Data-Driven Object Tracking: Integrating Modular Neural Networks into a Kalman Framework
Christian Alexander Holz, Christian Bader, Markus Enzweiler, Matthias Drüppel
TL;DR
This work tackles accurate MOT for ADAS by embedding three lightweight neural networks—SPENT for single-object state prediction, SANT for single-object-to-track association, and MANTa for multi-object-to-track association—into a Kalman Filter-based Tracking-by-Detection framework. All networks are designed for real-time embedded inference and maintain the modular, interpretable KF structure while replacing traditional prediction and assignment components with data-driven equivalents. Evaluations on the KITTI dataset show SPENT reduces RMSE by about 50% versus a standard KF (to ~0.029), and SANT/MANTa achieve up to 95% association accuracy (with MANTa performing best on 1–6 track scenarios and an average of ~80% across the full dataset).
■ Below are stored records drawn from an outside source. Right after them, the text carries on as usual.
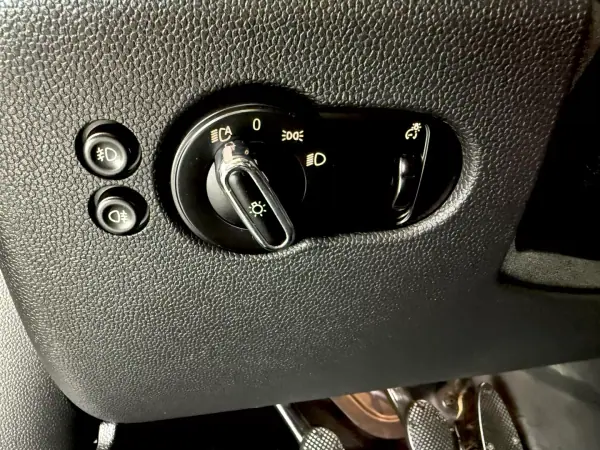 MINI One 2016 - 11900 EUR, 133000 km - AUTO.MOTO.pt - 133000km - foto 56 de 86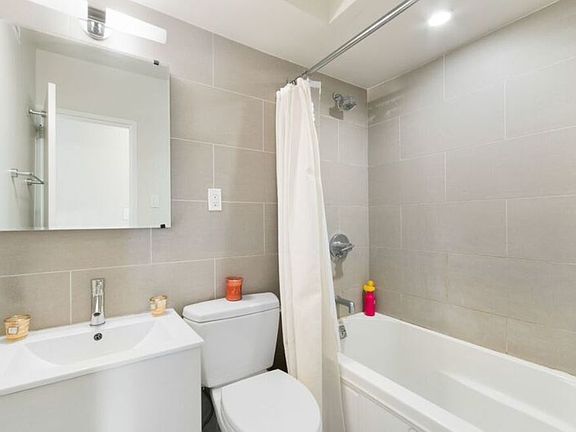 4th image of 122 Ashland Pl APT 5-J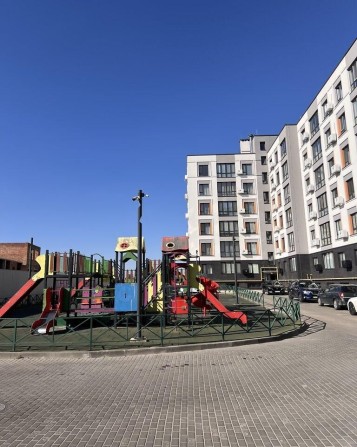Простора 1-кімнатна квартира в новобудові, Центр міста - фото 1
The results demonstrate that task-specific neural modules can boost tracking performance and robustness without sacrificing modularity or maintainability, enabling adaptable ADAS solutions.
Abstract
This paper presents novel Machine Learning (ML) methodologies for Multi-Object Tracking (MOT), specifically designed to meet the increasing complexity and precision demands of Advanced Driver Assistance Systems (ADAS). We introduce three Neural Network (NN) models that address key challenges in MOT: (i) the Single-Prediction Network (SPENT) for trajectory prediction, (ii) the Single-Association Network (SANT) for mapping individual Sensor Object (SO) to existing tracks, and (iii) the Multi-Association Network (MANTa) for associating multiple SOs to multiple tracks. These models are seamlessly integrated into a traditional Kalman Filter (KF) framework, maintaining the system's modularity by replacing relevant components without disrupting the overall architecture. Importantly, all three networks are designed to be run in a realtime, embedded environment. Each network contains less than 50k trainable parameters. Our evaluation, conducted on the public KITTI tracking dataset, demonstrates significant improvements in tracking performance. SPENT reduces the Root Mean Square Error (RMSE) by 50% compared to a standard KF, while SANT and MANTa achieve up to 95% accuracy in sensor object-to-track assignments. These results underscore the effectiveness of incorporating task-specific NNs into traditional tracking systems, boosting performance and robustness while preserving modularity, maintainability, and interpretability.